Basta vontade política para o vôo solo da Varig

GRAZIELLA BAGGIO

O processo de desregulamentação do transporte aéreo, implementado a partir do início da década de 90, pode ser apontado como o maior responsável pela situação pré-falimentar de nossas principais empresas aéreas. Das quatro maiores companhias de então, a Transbrasil quebrou e, se nada for feito, a Varig, a TAM e a Vasp trilharão o mesmo caminho.
Não é por outra razão que o Comitê Técnico de Políticas Públicas, instituído pelo governo em abril, propõe a revisão do atual marco regulatório. O relatório final do comitê, entre outras propostas, incluiu o controle do excesso de oferta. Caso essa medida seja implementada, será possível retomar o crescimento sustentado do transporte aéreo brasileiro e gerar superávits suficientes para fazer frente ao pesado endividamento vigente.
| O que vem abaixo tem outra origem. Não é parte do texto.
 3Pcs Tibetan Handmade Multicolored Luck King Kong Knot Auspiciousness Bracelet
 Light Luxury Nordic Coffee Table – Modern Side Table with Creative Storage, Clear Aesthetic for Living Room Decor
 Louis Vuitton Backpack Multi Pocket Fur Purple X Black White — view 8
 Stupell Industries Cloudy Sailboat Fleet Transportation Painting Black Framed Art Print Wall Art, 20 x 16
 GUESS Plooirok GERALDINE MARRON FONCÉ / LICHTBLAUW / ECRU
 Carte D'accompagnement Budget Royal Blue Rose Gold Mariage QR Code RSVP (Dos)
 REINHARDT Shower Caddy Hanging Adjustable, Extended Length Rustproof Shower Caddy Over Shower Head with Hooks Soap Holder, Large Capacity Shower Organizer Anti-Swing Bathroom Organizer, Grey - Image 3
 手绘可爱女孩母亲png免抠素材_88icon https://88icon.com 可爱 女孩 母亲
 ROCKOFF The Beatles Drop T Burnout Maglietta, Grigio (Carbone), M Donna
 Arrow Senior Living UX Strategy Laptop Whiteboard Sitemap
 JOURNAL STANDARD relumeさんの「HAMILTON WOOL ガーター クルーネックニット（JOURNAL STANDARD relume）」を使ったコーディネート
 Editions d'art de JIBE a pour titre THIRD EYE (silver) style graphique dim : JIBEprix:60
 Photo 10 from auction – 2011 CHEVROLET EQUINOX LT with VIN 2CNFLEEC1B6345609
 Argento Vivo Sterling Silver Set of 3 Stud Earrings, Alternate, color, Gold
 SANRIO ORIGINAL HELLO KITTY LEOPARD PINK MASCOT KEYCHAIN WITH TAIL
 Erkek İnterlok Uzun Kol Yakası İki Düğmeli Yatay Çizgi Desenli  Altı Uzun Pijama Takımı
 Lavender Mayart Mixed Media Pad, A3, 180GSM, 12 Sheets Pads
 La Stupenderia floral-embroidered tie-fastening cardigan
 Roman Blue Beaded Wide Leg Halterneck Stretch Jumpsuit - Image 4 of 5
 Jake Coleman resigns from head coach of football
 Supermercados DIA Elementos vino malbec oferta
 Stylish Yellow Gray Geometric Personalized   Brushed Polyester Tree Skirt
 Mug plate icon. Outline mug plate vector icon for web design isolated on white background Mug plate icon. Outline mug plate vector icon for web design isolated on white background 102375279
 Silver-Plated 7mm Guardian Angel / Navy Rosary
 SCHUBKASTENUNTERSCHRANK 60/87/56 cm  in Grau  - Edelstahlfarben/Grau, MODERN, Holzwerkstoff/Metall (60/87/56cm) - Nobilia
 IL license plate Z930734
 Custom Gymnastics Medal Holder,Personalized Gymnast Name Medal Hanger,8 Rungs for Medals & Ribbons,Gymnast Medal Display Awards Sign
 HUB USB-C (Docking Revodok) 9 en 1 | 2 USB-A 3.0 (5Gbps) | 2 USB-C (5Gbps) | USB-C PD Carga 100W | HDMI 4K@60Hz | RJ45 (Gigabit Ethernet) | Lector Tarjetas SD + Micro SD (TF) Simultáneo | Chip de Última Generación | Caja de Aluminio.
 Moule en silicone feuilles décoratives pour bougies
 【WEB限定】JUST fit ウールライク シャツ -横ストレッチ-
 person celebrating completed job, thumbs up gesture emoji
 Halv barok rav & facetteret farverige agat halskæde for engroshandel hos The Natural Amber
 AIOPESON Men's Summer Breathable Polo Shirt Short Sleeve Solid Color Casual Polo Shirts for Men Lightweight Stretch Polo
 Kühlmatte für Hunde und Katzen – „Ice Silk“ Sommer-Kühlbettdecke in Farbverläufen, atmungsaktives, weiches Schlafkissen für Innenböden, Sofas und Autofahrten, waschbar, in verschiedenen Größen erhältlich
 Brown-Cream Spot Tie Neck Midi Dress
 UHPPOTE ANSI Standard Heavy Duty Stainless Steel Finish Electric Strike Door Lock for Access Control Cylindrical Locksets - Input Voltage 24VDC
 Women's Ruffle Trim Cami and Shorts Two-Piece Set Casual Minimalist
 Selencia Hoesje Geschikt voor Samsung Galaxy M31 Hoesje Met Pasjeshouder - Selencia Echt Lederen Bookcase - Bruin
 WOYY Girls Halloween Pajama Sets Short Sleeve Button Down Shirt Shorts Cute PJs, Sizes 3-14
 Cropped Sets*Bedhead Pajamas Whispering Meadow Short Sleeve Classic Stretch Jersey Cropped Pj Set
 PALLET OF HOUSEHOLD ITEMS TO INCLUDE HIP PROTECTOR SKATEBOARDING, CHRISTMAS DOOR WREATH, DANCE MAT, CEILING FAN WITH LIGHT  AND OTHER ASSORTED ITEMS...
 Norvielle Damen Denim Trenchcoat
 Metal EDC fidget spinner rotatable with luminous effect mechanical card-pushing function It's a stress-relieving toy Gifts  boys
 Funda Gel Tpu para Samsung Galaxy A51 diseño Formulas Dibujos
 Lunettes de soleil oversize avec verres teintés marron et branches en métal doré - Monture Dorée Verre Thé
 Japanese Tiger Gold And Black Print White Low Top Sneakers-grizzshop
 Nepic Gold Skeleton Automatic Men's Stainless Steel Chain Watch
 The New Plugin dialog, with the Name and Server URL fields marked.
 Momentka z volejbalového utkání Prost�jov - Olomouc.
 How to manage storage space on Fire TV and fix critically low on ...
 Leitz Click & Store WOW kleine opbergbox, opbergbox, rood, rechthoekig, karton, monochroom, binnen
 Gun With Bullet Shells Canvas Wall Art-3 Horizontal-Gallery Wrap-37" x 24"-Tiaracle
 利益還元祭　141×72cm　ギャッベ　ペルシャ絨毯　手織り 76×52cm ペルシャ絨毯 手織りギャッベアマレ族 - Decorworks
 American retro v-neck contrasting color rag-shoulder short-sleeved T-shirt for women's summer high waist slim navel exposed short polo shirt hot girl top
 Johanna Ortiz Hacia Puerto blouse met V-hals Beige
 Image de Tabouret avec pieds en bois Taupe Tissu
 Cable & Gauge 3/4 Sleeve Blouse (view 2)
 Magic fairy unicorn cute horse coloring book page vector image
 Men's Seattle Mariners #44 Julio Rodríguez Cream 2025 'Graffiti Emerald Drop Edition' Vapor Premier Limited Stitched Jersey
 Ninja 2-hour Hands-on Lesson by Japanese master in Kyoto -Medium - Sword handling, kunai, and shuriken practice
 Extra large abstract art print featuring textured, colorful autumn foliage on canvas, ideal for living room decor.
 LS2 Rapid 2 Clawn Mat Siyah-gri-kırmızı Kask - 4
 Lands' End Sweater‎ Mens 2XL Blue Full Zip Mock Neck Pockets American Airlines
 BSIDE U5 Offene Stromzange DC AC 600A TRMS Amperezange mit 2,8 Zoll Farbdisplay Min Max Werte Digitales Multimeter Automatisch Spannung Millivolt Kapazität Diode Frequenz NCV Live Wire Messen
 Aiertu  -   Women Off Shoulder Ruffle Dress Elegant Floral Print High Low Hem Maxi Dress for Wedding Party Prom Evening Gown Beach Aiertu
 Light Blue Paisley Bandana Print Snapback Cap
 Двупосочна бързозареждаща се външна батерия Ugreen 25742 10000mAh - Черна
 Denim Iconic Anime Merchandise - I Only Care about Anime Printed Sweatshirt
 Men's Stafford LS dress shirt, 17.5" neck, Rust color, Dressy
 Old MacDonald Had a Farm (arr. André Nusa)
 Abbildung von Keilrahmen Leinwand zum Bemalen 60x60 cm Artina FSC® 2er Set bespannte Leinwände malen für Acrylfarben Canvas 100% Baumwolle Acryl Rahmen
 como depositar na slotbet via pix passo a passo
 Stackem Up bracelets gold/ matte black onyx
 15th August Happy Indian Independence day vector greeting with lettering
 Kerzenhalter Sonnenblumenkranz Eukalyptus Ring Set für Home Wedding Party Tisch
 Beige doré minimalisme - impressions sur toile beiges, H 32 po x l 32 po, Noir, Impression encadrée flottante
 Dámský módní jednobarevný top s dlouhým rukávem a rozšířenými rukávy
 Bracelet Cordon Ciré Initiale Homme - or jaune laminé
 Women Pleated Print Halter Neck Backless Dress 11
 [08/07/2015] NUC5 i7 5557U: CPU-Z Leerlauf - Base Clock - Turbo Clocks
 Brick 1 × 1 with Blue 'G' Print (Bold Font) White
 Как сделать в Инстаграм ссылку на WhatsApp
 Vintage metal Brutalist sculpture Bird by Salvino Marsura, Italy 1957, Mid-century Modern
Essa meta, no entanto, está condicionada à negociação do alongamento do perfil da dívida que está asfixiando as empresas aéreas brasileiras. O caso da Varig é um bom exemplo para confirmar essa tese.
Em junho de 2002, a oferta do Grupo Varig apresentava um aproveitamento médio de 58% da capacidade de suas aeronaves. Havia, portanto, uma clara necessidade de redução da oferta de assentos. Passados 12 meses, em junho de 2003, a oferta foi reduzida em 30%. A demanda, contudo, devido ao quadro recessivo observado na economia brasileira, foi reduzida em 26,6%. Assim, apesar da melhora verificada na ocupação de suas aeronaves (61%), esta não foi suficiente para que a empresa atingisse o ponto de equilíbrio.
Apesar do desequilíbrio, a partir de maio deste ano a Varig passou a operar com resultado positivo de aproximadamente US$ 4 milhões. Esse lucro operacional pode aumentar com a perspectiva de redução da taxa de juros no segundo semestre. Com a manutenção da oferta da Varig no mercado doméstico nos níveis atuais e a demanda recuperando o patamar do ano passado, a empresa passaria a operar com um aproveitamento de 83% de sua capacidade, índice mais que suficiente para viabilizar o vôo solo da empresa.
Em maio, a receita unitária da empresa foi de US$ 0,0677. Na hipótese de esse valor ter permanecido constante em junho e multiplicando-o pelo total de passageiros/km transportados nos mercados doméstico e internacional relativos a junho de 2002 (2.405.951), chegamos a uma receita líquida de vôo de US$ 162,9 milhões. Subtraindo-se o total de custos/despesas referente a maio/2003, mantido constante para junho (US$ 148,6 milhões), o resultado é um "superávit" de US$ 14,3 milhões, que, projetado para 12 meses, gera um total positivo de US$ 171,6 milhões.
Com base nesse resultado, a Varig poderia enfrentar a sua dívida, estimada em torno de US$ 1,2 bilhão. Com uma taxa de juros de 8% ao ano (em US$) e amortização de US$ 150 milhões anuais, no prazo de 13 anos a dívida estaria totalmente quitada e ainda sobrariam US$ 22 milhões ao ano para investimentos da empresa.
Os sindicatos dos aeronautas e aeroviários encaminharam ao governo federal uma proposta alternativa à fusão que garante a sobrevivência financeira e operacional das companhias aéreas, mantém a concorrência no setor e preserva milhares de empregos. A base dessa proposta é o alongamento do perfil da dívida pública da Varig, com três anos de carência e 15 anos de prazo para a amortização, e a negociação de deságios com seus principais credores privados. Essa é uma alternativa viável para a empresa retomar a sua trajetória de crescimento e fortalecer o conjunto da aviação civil brasileira.
A proposta de fusão entre a Varig e a TAM, pelo contrário, é a certeza de concentração do mercado doméstico, graves prejuízos para a competição no setor aéreo e milhares de demissões de trabalhadores. A fusão também exigirá que o BNDES faça pesados desembolsos para socorrer empresas privadas. Portanto a Varig apresenta todas as condições necessárias para prosseguir em vôo solo. Basta haver vontade política do governo Lula.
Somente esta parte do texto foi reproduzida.